Il est sorti de la salle de bain. Il n'avait pas pris le temps bien d'essuyer. Des gouttelettes coulaient encore sur son torse. Ses cheveux étaient mouillés. Il portait un caleçon bleu clair, assorti au reste. Je lui ai pris la main et l'ai guidé vers le lit. Il était debout devant moi. Je me suis assise au bord du lit. J'ai tiré son caleçon vers le bas. « Enlève moi ça ! ».
Son sexe sentait la verveine, l'odeur du gel douche. Je l'ai pris en bouche sans attendre. J'en avais trop envie. Au bout de quelques minutes, il m'a demandé d'arrêter. Je n'ai pas pris de risques. Je l'ai fait s'allonger sur le dos. J'ai commencé à me déshabiller. Quand il donnait des signes d'impatience et essayait de me caresser, je lui donnais un sein à embrasser, à lécher, à sucer. Sa queue était toujours toute droite et pulsait au rythme de son excitation. Après avoir enlevé ma culotte je me suis assise sur ses cuisses. J'ai pris sa queue dans ma main. Elle était déjà décalottée suite à la fellation que je lui avais faite. J'ai commencé à frotter son gland sur mon clitoris, exactement comme il l'avait fait la dernière fois qu'il m'avait pénétrée, au début de mes règles. C'était il y a quasiment deux semaines ! Une éternité ! J'avais envie à nouveau de le sentir en moi, mais vraiment en moi cette fois ! Quand j'ai eu l'impression d'avoir trouvé le bon angle, je me suis empalée d'un coup sur lui, savourant sa queue sans capote qui glissait si facilement dans mon vagin, déclenchant comme un envol de papillons dans mon ventre.

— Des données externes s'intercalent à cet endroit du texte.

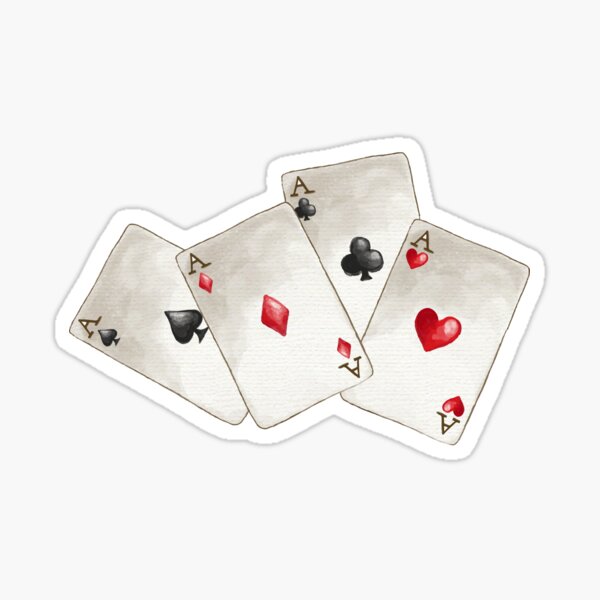 Four of A Kind Aces Nevada Day Sticker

J'ai senti comme un choc sur ma poitrine. Il venait de me repousser violemment. J'ai été propulsée en arrière, et suis tombée au pied du lit, l’arrière de ma tête cognant contre le mur.
« Eh mais ça ne va pas la tête ou quoi ! »
Il était debout, nu, le regard fou, comme pris de panique.
« Qu'est-ce qu'il y a ? Qu'est-ce qui ne va pas ? »
Est-ce je lui avais fait mal ? Était-il blessé ? Etait-ce à cause de ce putain de stérilet ? Toutes ces questions trottaient dans ma tête sans pouvoir franchir mes lèvres. Il n'a pas décroché un mot. Il a enfilé son caleçon, a récupéré son pantalon, mis ses chaussures, enfilé sa chemisette, ramassé son téléphone.
« Fañch ! Parle-moi ! François, qu'est ce qui se passe ? Je t'ai fait mal ? »
Toujours sans rien dire et le regard perdu, il est sorti de la chambre, a pris son vélo qui stationnait dans l'entrée, son casque et est sorti de l'appartement.
Je me suis précipitée sur mon téléphone pour le harceler de textos.
Julie : Fañch, répond-moi ! Dis-moi ce qui se passe ! Tu ne peux pas partir comme cela !
Julie : Fañch, nous deux ça ne peut pas finir ainsi. Explique-moi au moins ce qui s'est passé !
Julie : Pitié, dis-moi ce que j'ai fait de mal !
Julie : François, je t'aime, reviens !
Je n'ai reçu aucune réponse. Je tournais en rond dans l'appartement, incapable de dormir. J'étais partagée entre la colère, la rage face à ce mur de silence, le désespoir et l'angoisse que cette si belle histoire d'amour finisse de façon aussi absurde. Je refaisais le film de la soirée, des deux dernières semaines et même des six semaines depuis notre rencontre pour essayer d'identifier ce qui avait pu clocher. Et je ne voyais pas ! On s'entendait super bien. On partageait tant de choses. Ses amis m'avaient accueilli à bras ouvert, mes copines aussi (sauf Rebecca mais bon il avait dit que ce n'était pas grave). Il n'avait même pas encore vu ma mère, ni mon père (là j'aurais compris qu'il parte en courant). Au lit ça avait toujours été l'entente parfaite, du moins je croyais. Jusqu'à ce soir, qui devait en être l'apothéose, et qui avait tourné au désastre.